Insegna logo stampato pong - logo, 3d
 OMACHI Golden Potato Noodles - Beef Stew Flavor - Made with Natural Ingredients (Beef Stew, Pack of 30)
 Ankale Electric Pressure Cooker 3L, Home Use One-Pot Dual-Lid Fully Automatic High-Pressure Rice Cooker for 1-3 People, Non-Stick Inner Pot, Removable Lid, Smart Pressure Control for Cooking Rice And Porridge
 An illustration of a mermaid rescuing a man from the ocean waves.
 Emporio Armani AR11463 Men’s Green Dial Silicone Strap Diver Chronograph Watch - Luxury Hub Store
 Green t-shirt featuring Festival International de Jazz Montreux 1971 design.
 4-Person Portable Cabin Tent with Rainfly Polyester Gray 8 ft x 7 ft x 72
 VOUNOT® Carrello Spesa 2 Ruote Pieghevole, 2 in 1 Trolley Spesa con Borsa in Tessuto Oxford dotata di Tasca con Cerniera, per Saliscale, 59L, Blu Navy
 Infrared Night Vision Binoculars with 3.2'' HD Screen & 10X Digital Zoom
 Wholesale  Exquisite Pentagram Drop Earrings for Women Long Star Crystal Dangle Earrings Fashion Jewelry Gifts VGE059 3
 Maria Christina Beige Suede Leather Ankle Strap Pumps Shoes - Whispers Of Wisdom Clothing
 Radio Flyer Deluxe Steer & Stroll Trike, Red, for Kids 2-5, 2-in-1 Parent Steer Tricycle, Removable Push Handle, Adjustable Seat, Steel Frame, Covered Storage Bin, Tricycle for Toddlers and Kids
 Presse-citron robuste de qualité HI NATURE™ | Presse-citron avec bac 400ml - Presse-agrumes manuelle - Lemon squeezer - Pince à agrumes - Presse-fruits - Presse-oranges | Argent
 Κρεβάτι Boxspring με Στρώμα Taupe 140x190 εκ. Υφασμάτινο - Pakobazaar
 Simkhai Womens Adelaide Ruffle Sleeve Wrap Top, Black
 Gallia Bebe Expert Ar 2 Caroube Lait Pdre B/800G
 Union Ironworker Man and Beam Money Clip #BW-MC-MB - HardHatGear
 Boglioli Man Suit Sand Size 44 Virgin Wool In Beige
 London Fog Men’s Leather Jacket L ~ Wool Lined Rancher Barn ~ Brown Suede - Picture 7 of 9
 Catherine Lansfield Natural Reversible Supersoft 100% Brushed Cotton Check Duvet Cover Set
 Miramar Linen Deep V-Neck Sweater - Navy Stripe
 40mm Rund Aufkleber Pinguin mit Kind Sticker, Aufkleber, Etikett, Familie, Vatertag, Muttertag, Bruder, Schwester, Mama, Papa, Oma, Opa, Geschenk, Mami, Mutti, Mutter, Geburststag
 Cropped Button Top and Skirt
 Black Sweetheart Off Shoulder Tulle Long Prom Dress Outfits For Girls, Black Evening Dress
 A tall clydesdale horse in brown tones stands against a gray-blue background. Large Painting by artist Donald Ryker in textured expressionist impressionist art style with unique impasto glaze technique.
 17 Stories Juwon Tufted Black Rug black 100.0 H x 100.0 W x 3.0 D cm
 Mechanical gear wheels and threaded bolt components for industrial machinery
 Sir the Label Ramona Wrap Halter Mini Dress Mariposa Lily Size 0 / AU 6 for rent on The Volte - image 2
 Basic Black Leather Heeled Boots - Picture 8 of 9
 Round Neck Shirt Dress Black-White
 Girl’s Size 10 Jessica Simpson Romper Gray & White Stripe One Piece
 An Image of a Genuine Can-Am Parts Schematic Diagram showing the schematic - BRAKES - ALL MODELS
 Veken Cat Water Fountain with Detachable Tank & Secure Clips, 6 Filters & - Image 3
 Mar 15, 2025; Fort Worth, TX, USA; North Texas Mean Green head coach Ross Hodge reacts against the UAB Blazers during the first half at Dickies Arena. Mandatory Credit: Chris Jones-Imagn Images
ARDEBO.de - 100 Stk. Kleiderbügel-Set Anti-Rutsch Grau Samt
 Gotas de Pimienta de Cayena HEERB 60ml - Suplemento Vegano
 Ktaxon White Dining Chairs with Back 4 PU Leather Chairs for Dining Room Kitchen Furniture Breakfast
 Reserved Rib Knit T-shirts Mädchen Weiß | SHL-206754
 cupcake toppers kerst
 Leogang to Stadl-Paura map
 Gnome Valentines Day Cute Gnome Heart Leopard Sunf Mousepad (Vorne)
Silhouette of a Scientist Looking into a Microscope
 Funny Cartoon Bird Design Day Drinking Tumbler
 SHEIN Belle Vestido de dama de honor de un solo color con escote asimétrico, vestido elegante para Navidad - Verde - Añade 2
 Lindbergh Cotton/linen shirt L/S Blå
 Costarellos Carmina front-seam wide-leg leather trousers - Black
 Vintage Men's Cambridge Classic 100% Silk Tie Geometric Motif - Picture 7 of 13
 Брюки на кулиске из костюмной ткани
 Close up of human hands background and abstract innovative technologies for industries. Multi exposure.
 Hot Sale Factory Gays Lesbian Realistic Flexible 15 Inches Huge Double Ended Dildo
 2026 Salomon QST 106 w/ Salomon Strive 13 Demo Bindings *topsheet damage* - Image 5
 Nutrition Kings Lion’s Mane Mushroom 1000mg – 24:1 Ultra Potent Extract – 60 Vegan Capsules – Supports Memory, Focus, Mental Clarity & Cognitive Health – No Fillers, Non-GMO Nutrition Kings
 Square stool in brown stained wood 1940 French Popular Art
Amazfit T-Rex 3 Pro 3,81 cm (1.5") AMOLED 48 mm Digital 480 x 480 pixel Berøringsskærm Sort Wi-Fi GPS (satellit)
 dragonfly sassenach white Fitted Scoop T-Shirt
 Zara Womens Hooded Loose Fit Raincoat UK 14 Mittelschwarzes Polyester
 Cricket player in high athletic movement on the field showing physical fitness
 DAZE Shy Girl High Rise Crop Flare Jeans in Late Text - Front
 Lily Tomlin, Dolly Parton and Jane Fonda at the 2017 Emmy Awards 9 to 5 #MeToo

········

From the material above, set down exactly the lines between the line holding "Gnome Valentines Day" and the line holding "Close up of", inclusive. Include nothing else.

## ANSWER
 Gnome Valentines Day Cute Gnome Heart Leopard Sunf Mousepad (Vorne)
Silhouette of a Scientist Looking into a Microscope
 Funny Cartoon Bird Design Day Drinking Tumbler
 SHEIN Belle Vestido de dama de honor de un solo color con escote asimétrico, vestido elegante para Navidad - Verde - Añade 2
 Lindbergh Cotton/linen shirt L/S Blå
 Costarellos Carmina front-seam wide-leg leather trousers - Black
 Vintage Men's Cambridge Classic 100% Silk Tie Geometric Motif - Picture 7 of 13
 Брюки на кулиске из костюмной ткани
 Close up of human hands background and abstract innovative technologies for industries. Multi exposure.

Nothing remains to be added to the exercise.